With the COSPlayers series, Cao Fei has joined the many contemporary artists–Justine Kurland, Hellen van Meene, Anna Gaskell, Rineke Dijkstra–who are creating somewhat staged, vaguely theatrical, but still ‘documentary’ photographs of adolescents. Cao Fei is following in this genre, but she unites an anthropological interest in adolescents with another popular, and adolescent, topic–fantasy. A desire for escapism has found many manifestations in recent art: science fiction scenes, enchanted forests, psychedelic pleasure worlds and playhouses. But by showing us the role-playing fantasies of a specific population and locating them in their urban context, Cao Fei is giving us a far broader picture than most artists do. We do not simply see the reality of adolescence or the allure of fantasy, but the tension between the two.
By combining a documentary style with fantasy imagery, Cao Fei creates images that are poignant and ultimately critical of her society. Her characters play against the backdrop of global capitalism–skyscrapers, housing projects, freeway overpasses, subways and anonymous office parks. In order to escape this world, the Chinese youths have turned to Japanese culture, sidestepping China’s longstanding enmity for Japan. The tragedy of these scenes is that despite the elaborate costumes, the Cosplayers are still in the drab, polluted landscapes of twenty-first century China. Their fantasies will never grant them an escape.
The COSPlayers photographs are a strange echo of a series of photographs by Japanese artist Mariko Mori from, 1994. For Play With Me, Subway and Tea Ceremony, Mori dressed up as either an anime, sci-fi or computer game character and photographed herself into a quotidian urban scene. In Play With Me, she stands, decked out in a neon blue wig, a metallic breastplate and a short silver skirt, by an arcade, as businessmen file in after work. While Mariko Mori was enacting an objectification that occurs through fantasy media, Cao Fei depicts an attempt at liberation through role-playing. Mariko Mori took a confrontational stance toward consumers of pop culture, showing them the absurdity of their fantasies. Cao Fei, on the other hand, is far more sympathetic to her subjects. Her documentary style allows for a more complex perspective on escapism. Though she acknowledges the futility of fantasy, Cao Fei also offers possible explanations for its lure.
Cao Fei’s work is satisfying because of the degree to which it contextualizes issues of fantasy and adolescence.

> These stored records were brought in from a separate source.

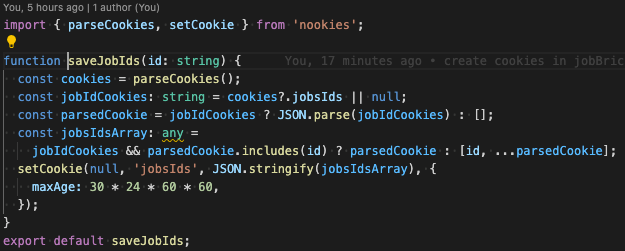 viistorrrmmn's tweet photo. #100DaystoLearnSomething Day2 

🤓 Create cookies stuff with React. I had never used before

#js #ReactJS #javascript #frontEnd #frontenddev https://t.co/qq58dNmiHw
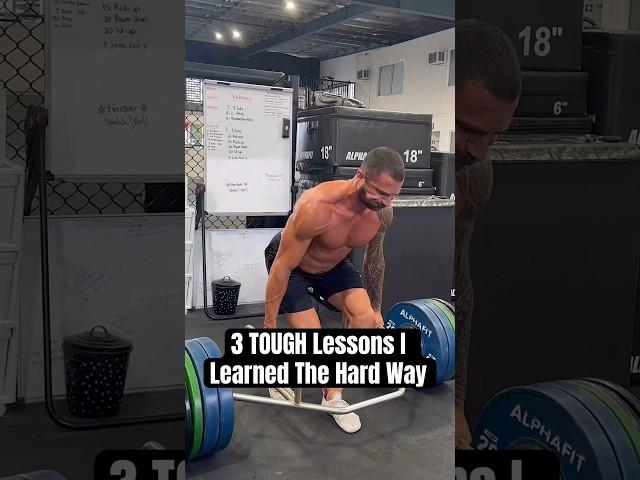 3 Tough Lessons I Learned The Hard Way!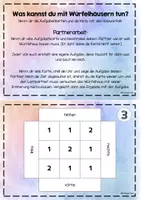 Vorschau - Stationenlernen - Würfelhäuser - Seite 3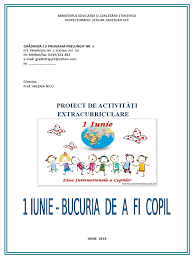 1 iunie, ziua internaţională a copilului recomandat. 1 Iunie Proiect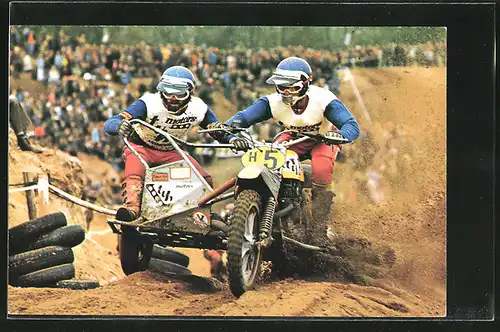 AK Motocross, Seitenwagenrennen, Ton van Heugten/Dick Steenbergen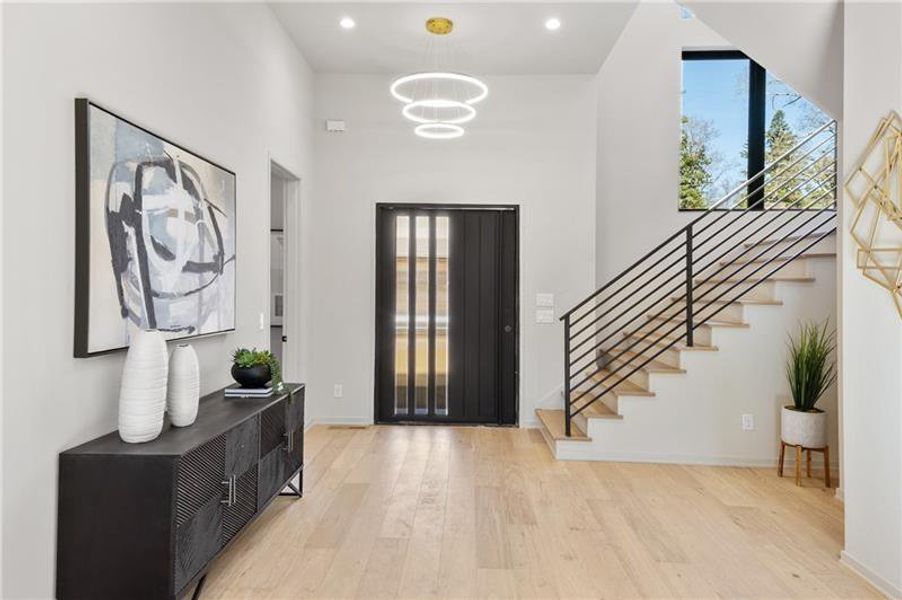 Furnished interior view inside a new home in , Sandy Springs (Image 9).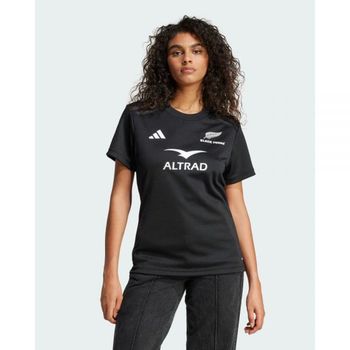 [해외] Adidas 아디다스 퍼포먼스 블랙 퍼른스 럭비 홈 서포터즈 저지 여성용 - 전부 검정 7816391
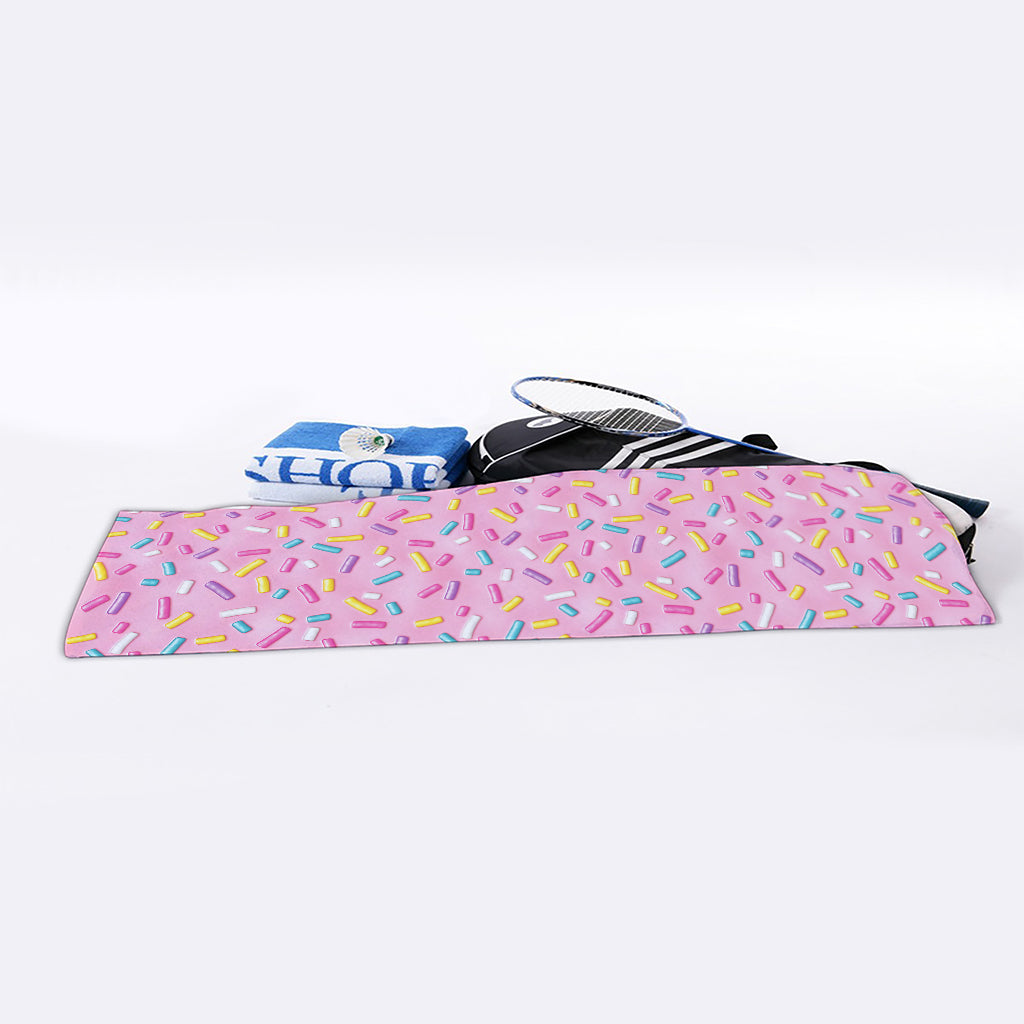 Cute Candy Pattern Print Sports Towel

Instead of just photographing portraits of teenagers, appropriating anime culture or documenting the transformation of Chinese cities, she brings all of these elements together and shows us how they interact. To know the context that drives people to escapism and then to see them performing their fantasies is far more informative than simply to analyze fantasy imagery. The odd thing about these images, however, is how cool and detached they feel. The photographs are so aestheticized that their beauty glosses over the friction between the COSPlayers and their surroundings. The COSPlayers seem disconnected from their own game; even in their mock confrontations their expressions are blank, their arms raised in half-hearted postures. In pushing the beauty and the theatricality of these scenes, Cao Fei adds another layer of eeriness to her subject. Not only are the COSPlayers detached from the banal reality of their city, but they are also removed from their own fantasy.